Indiana farmer Hugh Bowman had his day before the U.S. Supreme Court on Tuesday arguing that Monsanto's patent on seed technology expires after the first generation of seed.
The issue is whether Bowman infringed on Monsanto's patent when he planted unlabeled bin-run soybeans purchased from a grain elevator which turned out to be second generation Roundup Ready beans. He then planted third-generation seed from that crop.

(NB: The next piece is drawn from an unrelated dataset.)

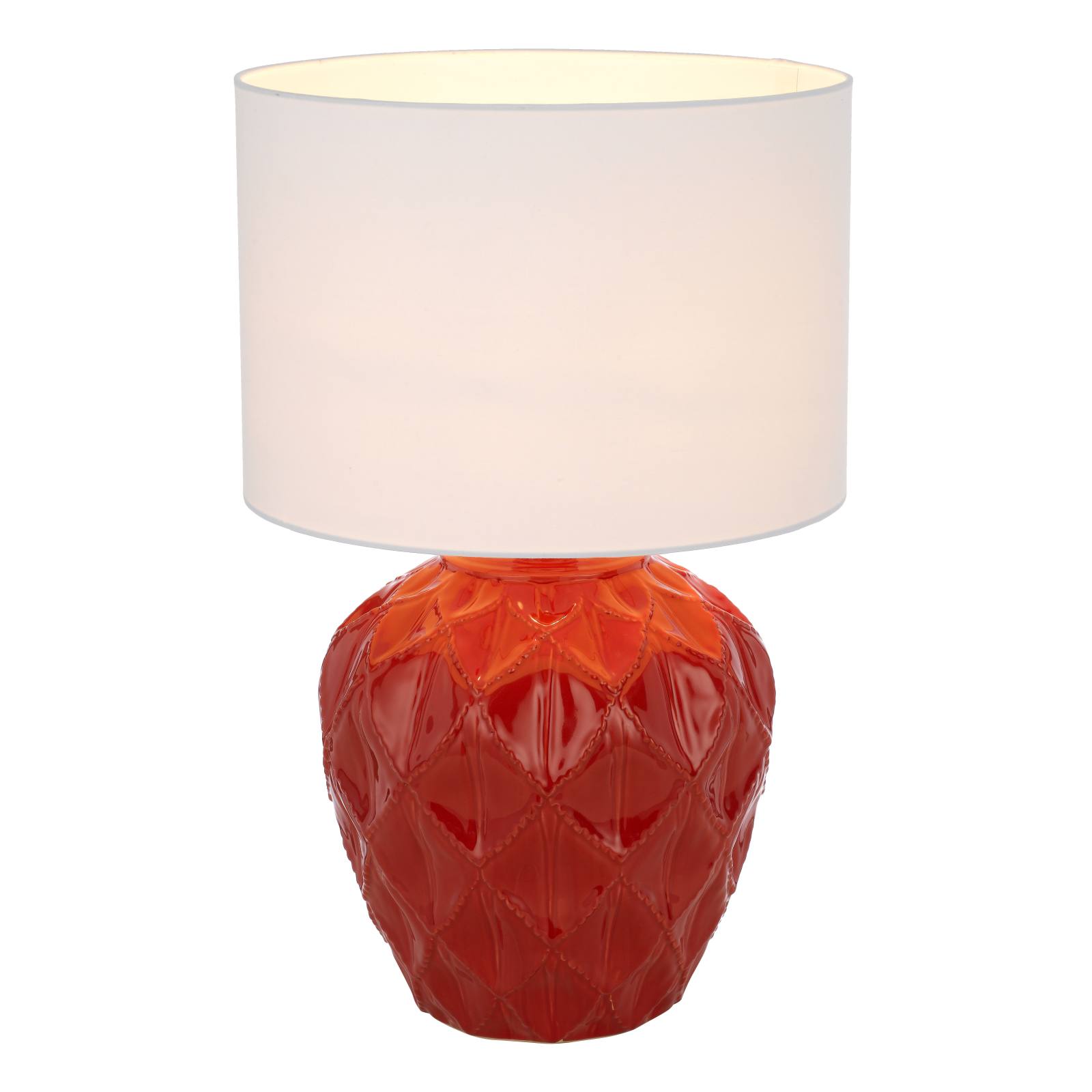 Diaz Ceramic Table Lamp, White, Red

The Los Angeles Times reports the justices seemed to state the need for companies such as Monsanto to generate a financial return from their investment in new products. Chief Justice Roberts asked why a company would spend millions of dollars developing a new seed if a farmer could buy one and then freely reproduce it. Justice Sonia Sotomayor added that a farmer can freely plant the patented seed but not the progeny.
Attorney Mark Walters, representing Bowman, argued that a patent holder "exhausts" his rights after selling the product. Walters said if not, every grain elevator in the country would be in violation of Monsanto's patent because Monsanto's seeds are everywhere. He also contends Bowman's use of seed from the grain elevator would never be a threat to Monsanto's business.
Two lower courts had ruled in favor of Monsanto in the case.
The case is seen as not only important to Monsanto and its patents but important to all patented technologies including stem cells, software and biotechnologies.